Pictures aside, print all of the data below exactly as written.

DATASET CONTENT
>>>>>

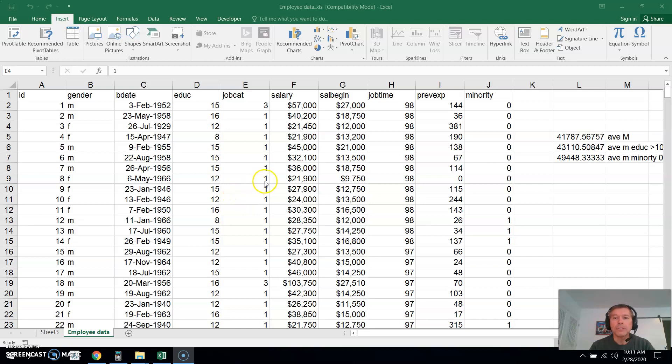In this video we're going to use pivot tables and charts to answer the same questions we did on the last video plus look at the last question.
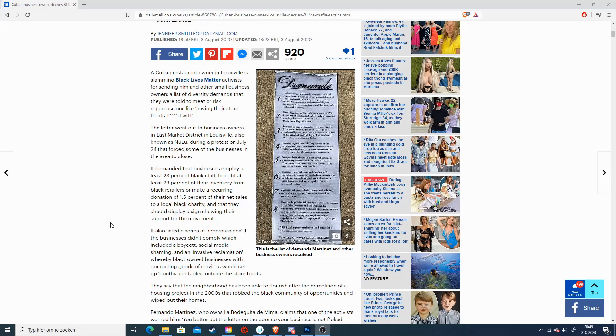And what disturbs me the most is that you at least have to employ 23% of black staff. That means that you have to fire possibly white people because of their skin color, which is incredibly racist.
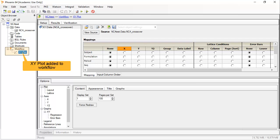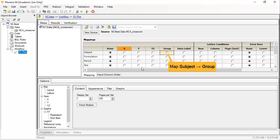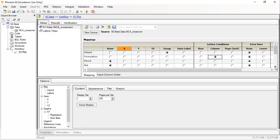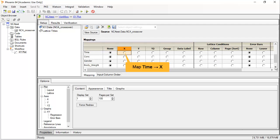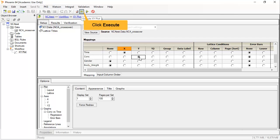This results in an XY Plot object being placed in the workflow, as well as linking the input dataset. Mapping Subject as Group makes it the profile identifier in the plot. Selecting Formulation as Column Lattice Condition will create additional plots by formulation on the same page. You can scroll down to see more columns. Select Time as the required variable X, and Conc as Y. Then, to create the plot, click on the green arrow to execute this object.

<<<<<

TASK SOLUTION
In this video we're going to use pivot tables and charts to answer the same questions we did on the last video plus look at the last question.
And what disturbs me the most is that you at least have to employ 23% of black staff. That means that you have to fire possibly white people because of their skin color, which is incredibly racist.
This results in an XY Plot object being placed in the workflow, as well as linking the input dataset. Mapping Subject as Group makes it the profile identifier in the plot. Selecting Formulation as Column Lattice Condition will create additional plots by formulation on the same page. You can scroll down to see more columns. Select Time as the required variable X, and Conc as Y. Then, to create the plot, click on the green arrow to execute this object.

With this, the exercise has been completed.